Work to be completed: Beginning with the first line, please return the entries exactly through the line that contains "Raw rib eye steak with christmas deco", and leave out all later lines.

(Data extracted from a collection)
○ ○ ○ ○ ○ ○ ○

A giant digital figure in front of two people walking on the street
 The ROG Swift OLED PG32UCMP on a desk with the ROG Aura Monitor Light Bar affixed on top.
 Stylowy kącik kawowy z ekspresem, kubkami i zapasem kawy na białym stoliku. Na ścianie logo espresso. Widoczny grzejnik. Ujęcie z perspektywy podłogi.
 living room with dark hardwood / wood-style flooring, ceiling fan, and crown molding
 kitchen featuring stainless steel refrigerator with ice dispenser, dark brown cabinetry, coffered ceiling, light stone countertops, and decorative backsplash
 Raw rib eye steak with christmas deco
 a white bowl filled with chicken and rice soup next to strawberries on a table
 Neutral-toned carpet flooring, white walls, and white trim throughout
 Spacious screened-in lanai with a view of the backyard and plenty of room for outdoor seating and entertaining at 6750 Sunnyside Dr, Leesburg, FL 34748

○ ○ ○ ○ ○ ○ ○

Expected answer:
A giant digital figure in front of two people walking on the street
 The ROG Swift OLED PG32UCMP on a desk with the ROG Aura Monitor Light Bar affixed on top.
 Stylowy kącik kawowy z ekspresem, kubkami i zapasem kawy na białym stoliku. Na ścianie logo espresso. Widoczny grzejnik. Ujęcie z perspektywy podłogi.
 living room with dark hardwood / wood-style flooring, ceiling fan, and crown molding
 kitchen featuring stainless steel refrigerator with ice dispenser, dark brown cabinetry, coffered ceiling, light stone countertops, and decorative backsplash
 Raw rib eye steak with christmas deco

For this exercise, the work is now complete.